2.6 Event Knowledge Graphs
In addition to the common graph forms above, we also support event knowledge graphs. The core of an event knowledge graph is not to directly describe a relation between two entities, but to describe an event and its attributes. A common format is:
<event> ... <event_attribute> ...For example:
<event> Berlin Gigafactory expansion <event_attribute> start_time 2024Or:
<event> Berlin Gigafactory expansion <event_attribute> location GermanyIn a JSON file, these can be stored in a separate event field:
{
"event": [
"<event> Berlin Gigafactory expansion <event_attribute> start_time 2024",
"<event> Berlin Gigafactory expansion <event_attribute> location Germany"
]
}3. A Complete Storage Example
In practice, one sample often contains more than one type of graph result. For example, the same text can simultaneously store relational triples, attribute triples, temporal quadruples, and event information:
[
{
"doc_id": "demo-2",
"text": "In 2024, the Berlin Gigafactory mainly supplied the European Union and started a new expansion project in Germany.",
"triple": [
"<subj> Berlin Gigafactory <obj> European Union <rel> mainly_supplies",
"<entity> Berlin Gigafactory <attribute> country <value> Germany"
],
"tuple": [
"<subj> Berlin Gigafactory <obj> European Union <rel> mainly_supplies <time> 2024",
"<subj> Berlin Gigafactory <obj> European Union <rel> mainly_supplies <time> 2024 <location> Germany"
],
"event": [
"<event> Berlin Gigafactory expansion <event_attribute> start_time 2024",
"<event> Berlin Gigafactory expansion <event_attribute> location Germany"
]
}
]The advantage of this design is that the source text, graph results, and downstream task inputs can all be kept in the same JSON object.
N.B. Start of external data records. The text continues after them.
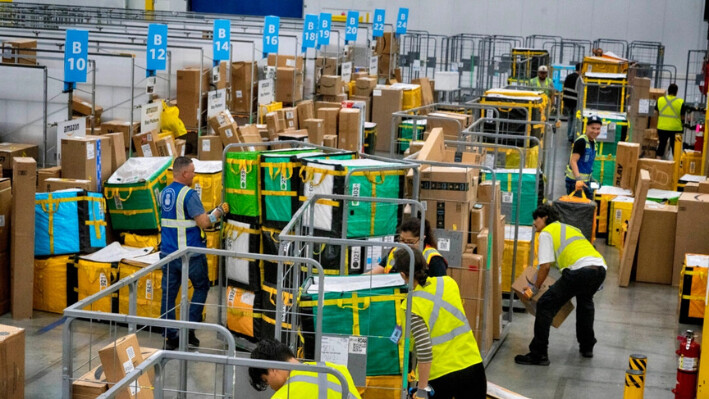 Los empleados de Amazon cargan los paquetes en carritos antes de subirlos a los camiones para su distribución, en una estación de entrega DAX7 de Amazon en South Gate, California, el 16 de julio de 2024. (Richard Vogel/AP Photo)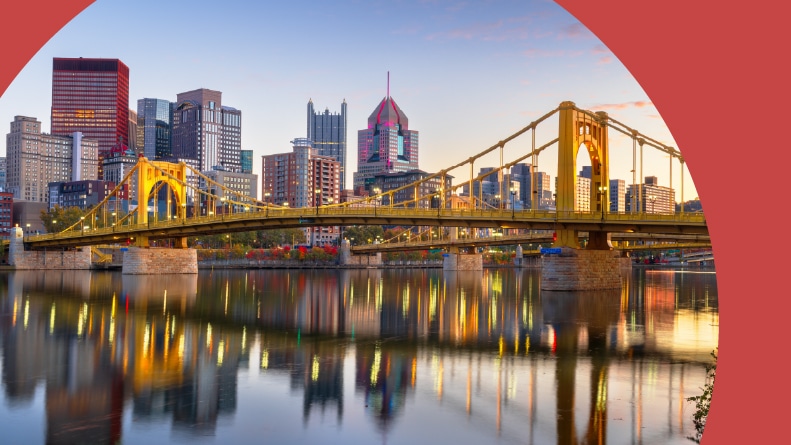 The downtown city skyline on the Ohio River at dusk in Pittsburgh, Pennsylvania.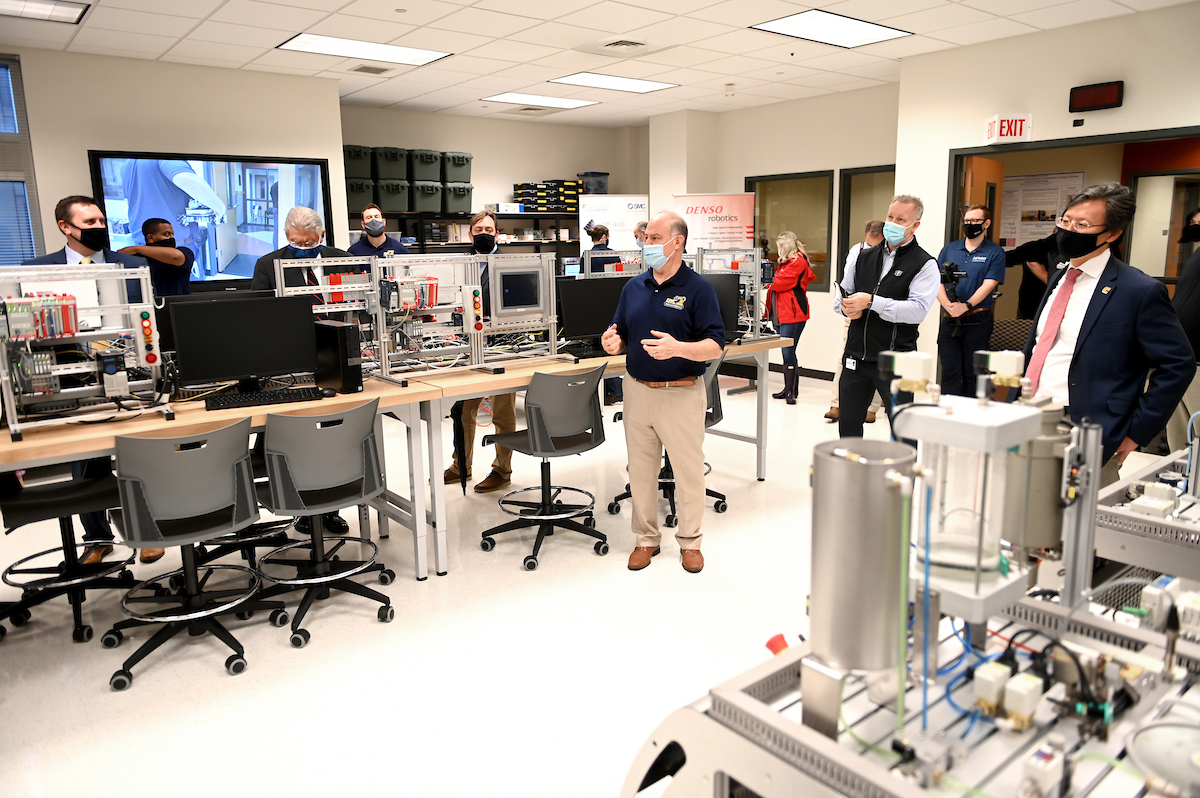 Head of the Department of Engineering Management and Technology Ahad Nasab, center, introduces the new Mechatronics Lab during its grand opening in the College of Engineering and Computer Science building.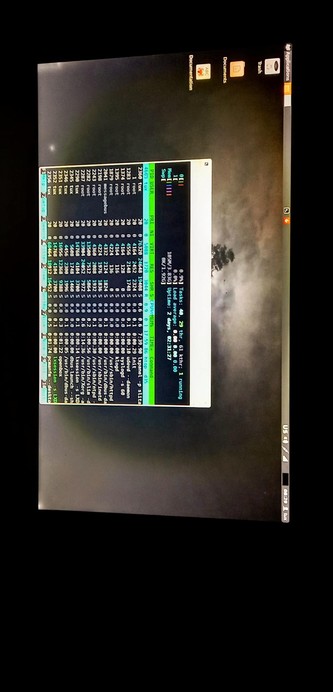 The photograph shows a computer LCD monitor displaying a terminal window with a Bash command-line interface. The terminal window is open and shows a list of processes, with columns for various process details such as user, priority, memory usage, and CPU usage. The terminal window is titled "top" and is running on a Linux system, as indicated by the "Linux" text at the bottom of the screen. The desktop background is a dark image of a cloudy sky with a tree visible in the distance. The top of the screen shows several icons, including "Documentation," "Documents," and "Trash," along with a "Applications" menu. The taskbar on the right side of the screen shows the system time, date, and some system information, including the load average and the number of tasks. The overall color scheme of the screen is dark, with text and icons in various shades of white, green, and blue.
Later, whether you want to do filtering, evaluation, QA generation, or path reasoning, you can continue processing directly from the same file.
4. Principles for Storage
To make graph data easier to reuse in later stages, it is recommended to follow these principles:
- Keep the same kind of structure in the same field, for example, use
triplemainly for triples andtuplemainly for quadruples and higher-order tuples - Let one sample correspond to one JSON object, so it can stay aligned with the original text, QA pairs, and evaluation results
- Keep the format readable, searchable, and easy to process in batches, so it works smoothly in automated Pipelines
5. Summary
We use json files to store knowledge graphs because this format is better suited for batch processing, format iteration, manual inspection, and workflow reuse during the data preparation stage. For the graph content itself, we define unified string formats for different graph types, such as relational triples, attribute triples, temporal quadruples, hyper-relational knowledge graphs, and event knowledge graphs, and then store these results as lists in JSON fields. In this way, we preserve graph structure information while keeping the overall data processing workflow lightweight, flexible, and maintainable.